How to complete this task:
Give back each line of the data exactly as it reads, minus the pictures.

Data shown:

BEGIN

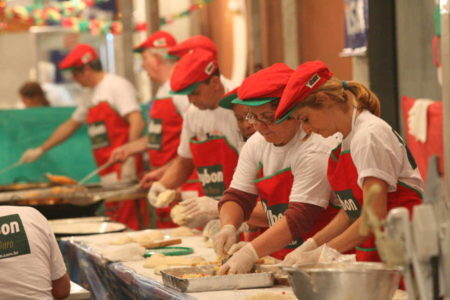 Mamas da Festa de San Gennaro vão preparar aquela macarronada à moda italiana para o arraial da paróquia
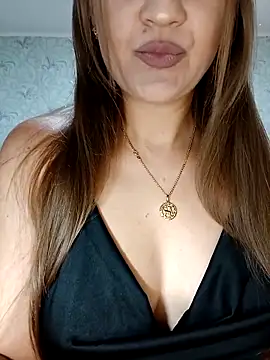 Snapshot of Viola3102 chatting on September 23, 2025, 3:15 pm Viola3102 online show from September 23, 2025, 3:15 pm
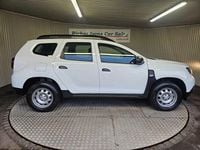 Used Dacia Duster Essentiel 100 HP (73 kW) 2021 White Hatchback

END

Exercise solution:
 Mamas da Festa de San Gennaro vão preparar aquela macarronada à moda italiana para o arraial da paróquia
 Snapshot of Viola3102 chatting on September 23, 2025, 3:15 pm Viola3102 online show from September 23, 2025, 3:15 pm
 Used Dacia Duster Essentiel 100 HP (73 kW) 2021 White Hatchback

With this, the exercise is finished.